Jaeheon Jung, Korea University
Oh Seok Kim, Korea University
Stephen A. Matthews, Retired
Kee Whan Kim, Korea University
Mapping population distribution at a pixel level is essential for decision-making in fields like public health, regional development, and climate change adaptation. This study developed an ensemble machine learning (ML) based dasymetric mapping approach to disaggregate municipal-level population projections at a 500m pixel-level. We used population projection data from previous research and the latest spatial data, including population density, terrain, land cover, and nighttime lights. ML algorithms namely eXtreme Gradient Boosting (XGBoost), Categorical Boosting (CatBoost), and Light Gradient Boosting Machine (LightGBM) were employed, followed by permutation importance and SHapley Additive exPlanations (SHAP) analysis to evaluate variable importance and correlation.

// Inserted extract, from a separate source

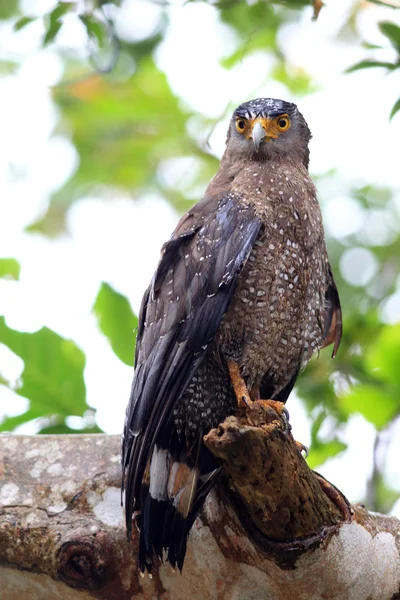 Ryukyu Crested serpent eagle (Spilornis cheela) in Japan — Stock fotografie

We separated the study area (i.e., South Korea) into urban and rural regions and fitted the ML models. Results showed XGBoost performed best in urban areas, while LightGBM excelled in rural areas, achieving the highest R-squared and lowest Root Mean Squared Error (RMSE). The ratio of residential areas was the most important variable in all models, with a strong positive correlation to population density. Comparing the data from 2022 and 2050 revealed all major cities in South Korea are projected to experience a population decline at the pixel level, except Sejong.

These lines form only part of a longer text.